Mouse IgG (H+L) Highly Cross-Adsorbed Secondary Antibody (A32727) in IF
Immunofluorescent analysis of glial fibrillary acidic protein (GFAP) in E18 Sparague Dawley primary cortical neuronal cells containing astrocytes. The cells were fixed with 4% formaldehyde for 15 mins, permeabilized with 0.25% Triton X-100 in PBS for 10 mins, and blocked with 3% BSA in PBS for 30 mins at RT. Cells were stained with a GFAP mouse monoclonal antibody (Product # MA5-12023) at a dilution of 1:200 in 3% BSA in PBS for 1 hr at RT, and then incubated with Invitrogen Alexa Fluor Plus 555 goat anti-mouse IgG secondary antibody (Product # A32727) at a dilution of 1:1000 for 1 hr at RT. Nuclei were stained with Hoechst 33342 (product # H3570). The image contains overlay of GFAP (orange) and nuclei (blue). Images were taken on a Zeiss LSM 710 confocal microscope at 40X magnification.

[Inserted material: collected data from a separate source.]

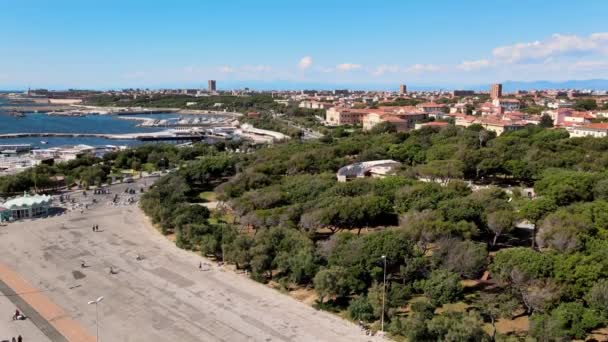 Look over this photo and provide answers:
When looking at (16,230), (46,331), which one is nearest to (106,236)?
(16,230)

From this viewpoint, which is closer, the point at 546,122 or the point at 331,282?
the point at 331,282

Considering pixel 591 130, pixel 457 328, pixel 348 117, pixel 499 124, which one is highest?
pixel 348 117

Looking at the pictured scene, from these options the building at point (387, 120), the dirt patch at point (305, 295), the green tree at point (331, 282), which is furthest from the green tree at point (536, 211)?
the building at point (387, 120)

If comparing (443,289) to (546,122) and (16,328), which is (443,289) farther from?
(546,122)

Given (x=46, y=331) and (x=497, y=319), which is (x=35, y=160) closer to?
A: (x=46, y=331)

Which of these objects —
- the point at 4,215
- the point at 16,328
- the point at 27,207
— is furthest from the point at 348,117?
the point at 16,328

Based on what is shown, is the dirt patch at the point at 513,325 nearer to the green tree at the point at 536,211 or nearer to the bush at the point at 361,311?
the bush at the point at 361,311
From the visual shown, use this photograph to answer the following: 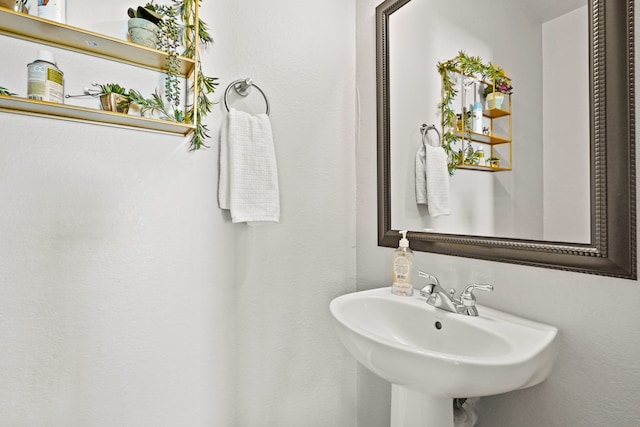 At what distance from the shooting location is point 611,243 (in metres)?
0.75

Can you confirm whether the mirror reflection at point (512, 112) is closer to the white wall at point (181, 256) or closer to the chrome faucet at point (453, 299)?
the chrome faucet at point (453, 299)

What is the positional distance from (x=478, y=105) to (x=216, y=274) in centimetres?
108

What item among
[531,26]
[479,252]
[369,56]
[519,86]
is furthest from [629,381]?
[369,56]

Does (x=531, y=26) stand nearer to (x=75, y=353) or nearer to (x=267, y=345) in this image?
(x=267, y=345)

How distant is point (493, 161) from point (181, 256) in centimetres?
107

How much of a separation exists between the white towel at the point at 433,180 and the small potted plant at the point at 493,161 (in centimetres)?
15

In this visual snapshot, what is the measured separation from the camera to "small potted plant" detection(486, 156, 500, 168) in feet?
3.36

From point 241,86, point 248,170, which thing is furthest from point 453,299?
point 241,86

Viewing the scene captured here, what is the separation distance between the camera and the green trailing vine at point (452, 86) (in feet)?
3.56

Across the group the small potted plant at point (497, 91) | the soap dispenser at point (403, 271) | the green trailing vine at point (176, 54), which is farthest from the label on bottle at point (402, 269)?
the green trailing vine at point (176, 54)

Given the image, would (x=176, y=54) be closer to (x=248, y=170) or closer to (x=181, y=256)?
(x=248, y=170)

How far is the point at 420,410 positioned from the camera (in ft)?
3.03

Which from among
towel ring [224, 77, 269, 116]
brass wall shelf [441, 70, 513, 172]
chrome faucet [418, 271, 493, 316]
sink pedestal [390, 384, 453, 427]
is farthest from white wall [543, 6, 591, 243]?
towel ring [224, 77, 269, 116]

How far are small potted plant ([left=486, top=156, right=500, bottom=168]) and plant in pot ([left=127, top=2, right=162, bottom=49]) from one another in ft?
3.56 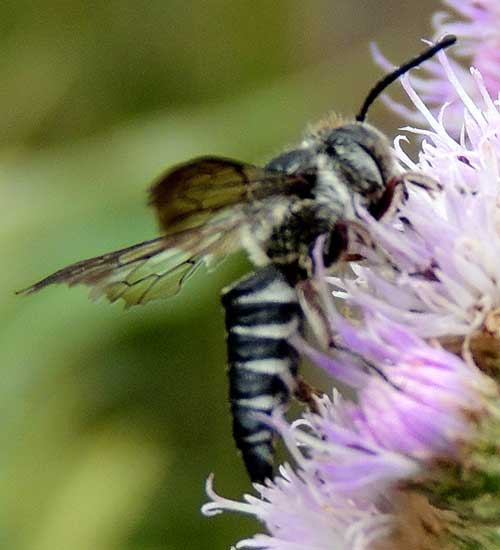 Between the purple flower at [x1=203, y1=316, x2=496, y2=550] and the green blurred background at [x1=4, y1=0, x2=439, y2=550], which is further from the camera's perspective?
the green blurred background at [x1=4, y1=0, x2=439, y2=550]

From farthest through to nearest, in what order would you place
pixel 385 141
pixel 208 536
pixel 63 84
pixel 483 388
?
pixel 63 84 < pixel 208 536 < pixel 385 141 < pixel 483 388

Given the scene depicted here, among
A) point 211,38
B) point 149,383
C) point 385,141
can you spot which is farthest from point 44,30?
point 385,141

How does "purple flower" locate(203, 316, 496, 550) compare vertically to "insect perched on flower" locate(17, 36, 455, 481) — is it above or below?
below

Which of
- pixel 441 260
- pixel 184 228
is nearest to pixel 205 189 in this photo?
pixel 184 228

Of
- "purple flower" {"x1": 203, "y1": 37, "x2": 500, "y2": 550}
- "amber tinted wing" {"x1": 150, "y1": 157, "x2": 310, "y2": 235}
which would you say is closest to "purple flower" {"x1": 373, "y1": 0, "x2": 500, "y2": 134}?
"purple flower" {"x1": 203, "y1": 37, "x2": 500, "y2": 550}

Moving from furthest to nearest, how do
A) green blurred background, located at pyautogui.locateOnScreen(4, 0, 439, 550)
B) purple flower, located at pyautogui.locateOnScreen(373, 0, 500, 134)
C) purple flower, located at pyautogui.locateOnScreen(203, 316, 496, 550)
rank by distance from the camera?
green blurred background, located at pyautogui.locateOnScreen(4, 0, 439, 550) < purple flower, located at pyautogui.locateOnScreen(373, 0, 500, 134) < purple flower, located at pyautogui.locateOnScreen(203, 316, 496, 550)

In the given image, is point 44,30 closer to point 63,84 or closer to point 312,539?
point 63,84

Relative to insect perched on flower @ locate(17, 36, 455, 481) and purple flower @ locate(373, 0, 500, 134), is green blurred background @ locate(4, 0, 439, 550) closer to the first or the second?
purple flower @ locate(373, 0, 500, 134) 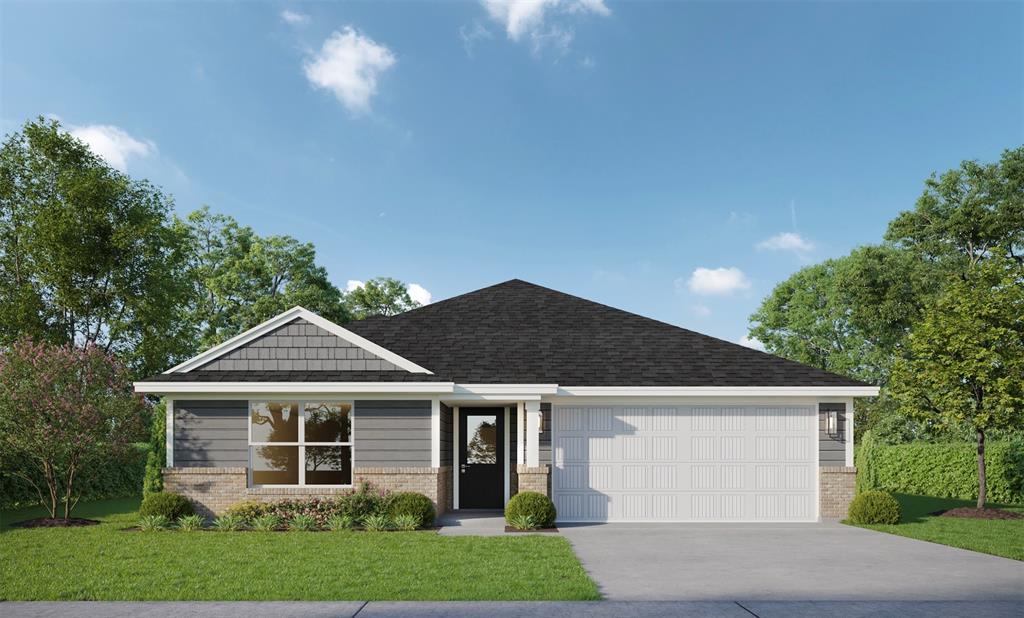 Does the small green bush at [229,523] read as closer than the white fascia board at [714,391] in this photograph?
Yes

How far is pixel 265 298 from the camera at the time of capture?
37062mm

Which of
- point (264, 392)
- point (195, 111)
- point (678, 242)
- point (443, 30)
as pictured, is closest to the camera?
point (264, 392)

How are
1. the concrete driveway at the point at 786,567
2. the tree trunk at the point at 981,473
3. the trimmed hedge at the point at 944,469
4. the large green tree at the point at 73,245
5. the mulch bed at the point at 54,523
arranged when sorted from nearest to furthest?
1. the concrete driveway at the point at 786,567
2. the mulch bed at the point at 54,523
3. the tree trunk at the point at 981,473
4. the trimmed hedge at the point at 944,469
5. the large green tree at the point at 73,245

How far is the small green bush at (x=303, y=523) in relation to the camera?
1327 centimetres

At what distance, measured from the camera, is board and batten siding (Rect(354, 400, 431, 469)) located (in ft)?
47.2

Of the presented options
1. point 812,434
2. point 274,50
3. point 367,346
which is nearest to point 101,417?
point 367,346

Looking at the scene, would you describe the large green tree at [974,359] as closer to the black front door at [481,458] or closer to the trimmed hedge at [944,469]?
the trimmed hedge at [944,469]

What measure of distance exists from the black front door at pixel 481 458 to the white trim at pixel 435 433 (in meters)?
2.14

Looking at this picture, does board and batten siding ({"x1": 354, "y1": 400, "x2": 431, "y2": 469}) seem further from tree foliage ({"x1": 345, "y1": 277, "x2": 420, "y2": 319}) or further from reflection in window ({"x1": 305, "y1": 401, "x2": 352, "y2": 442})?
tree foliage ({"x1": 345, "y1": 277, "x2": 420, "y2": 319})

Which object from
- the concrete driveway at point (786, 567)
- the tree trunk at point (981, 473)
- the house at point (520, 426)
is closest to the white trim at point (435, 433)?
the house at point (520, 426)

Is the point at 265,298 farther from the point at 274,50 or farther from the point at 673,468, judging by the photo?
the point at 673,468

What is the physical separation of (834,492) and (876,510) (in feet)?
2.96

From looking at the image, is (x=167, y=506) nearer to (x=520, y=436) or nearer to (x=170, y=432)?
(x=170, y=432)

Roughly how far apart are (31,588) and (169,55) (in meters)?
17.5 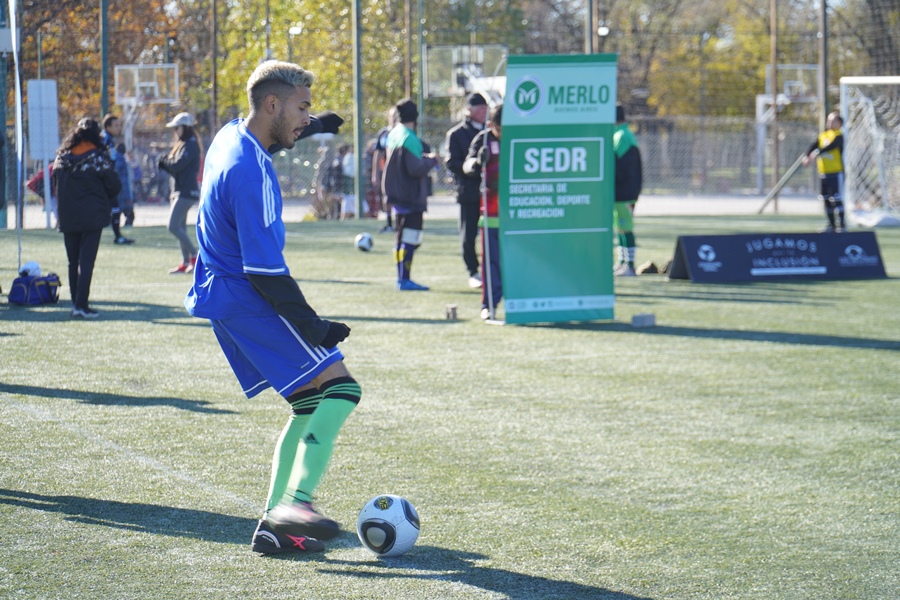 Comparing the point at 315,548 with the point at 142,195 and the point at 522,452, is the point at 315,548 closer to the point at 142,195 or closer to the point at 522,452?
the point at 522,452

Rabbit IgG (H+L) Highly Cross-Adsorbed Secondary Antibody (A-11034) in IF
A 2.0 µm maize leaf section illustrating the immunolocalization of the enzyme ribulose bisphosphate carboxylase (rubisco) in the chloroplasts of the bundle sheath cells surrounding the vascular bundles. Maize is a C4 plant and, as a result, spatially segregates components of the photosynthetic process between the leaf mesophyll and the bundle sheath. Rubisco was localized using a rabbit anti-rubisco antibody and visualized using the highly cross-adsorbed Alexa Fluor® 488 goat anti–rabbit IgG antibody (Cat. No. A11034). The remaining fluorescence is due to the autofluorescence of chlorophyll, which appears red and is localized to the mesophyll plastids; lignin, which appears dull green and is localized to the xylem of the vascular bundle; and cutin, which appears bright green and is localized to the cuticle outside the epidermis. Image contributed by Todd Jones, DuPont.
Mouse IgG (H+L) Highly Cross-Adsorbed Secondary Antibody (A32728) in IF
Immunofluorescent analysis of β-III tubulin in E18 Sparague Dawley primary cortical neuronal cells. The cells were fixed with 4% formaldehyde for 15 mins, permeabilized with 0.25% Triton X-100 in PBS for 10 mins, and blocked with 3% BSA in PBS for 30 mins at RT. Cells were stained with a β-III tubulin mouse monoclonal antibody (Product # MA1-118) at a dilution of 1:200 in 3% BSA in PBS for 1 hr at RT, and then incubated with Invitrogen Alexa Fluor Plus 647 goat anti-mouse IgG secondary antibody (Product # A32728) at a dilution of 1:1000 for 1 hr at RT. Nuclei were stained with Hoechst 33342 (product # H3570). The image contains overlay of neuronal tubulin (far red) and nuclei (blue). Images were taken on a Zeiss LSM 710 confocal microscope at 40X magnification.
Rabbit IgG (H+L) Highly Cross-Adsorbed Secondary Antibody (A32732) in IF
Immunofluorescent analysis of Grasp65 in A549 cells. The cells were fixed with 4% formaldehyde for 15 mins, permeabilized with 0.25% Triton X-100 in PBS for 10 mins, and blocked with 3% BSA in PBS for 30 mins at RT. Cells were stained with a Grasp65 rabbit polyclonal antibody (Product # PA3-910) at a dilution of 1:200 in 3% BSA in PBS for 1 hr at RT, and then incubated with Invitrogen Alexa Fluor Plus 555 goat anti-rabbit IgG secondary antibody (Product # A32732) at a dilution of 1:1000 for 1 hr at RT. Nuclei were stained with Hoechst 33342 (product # H3570). The image contains overlay of Grasp65(orange) and nuclei (blue). Images were taken on a Zeiss LSM 710 confocal microscope at 40X magnification.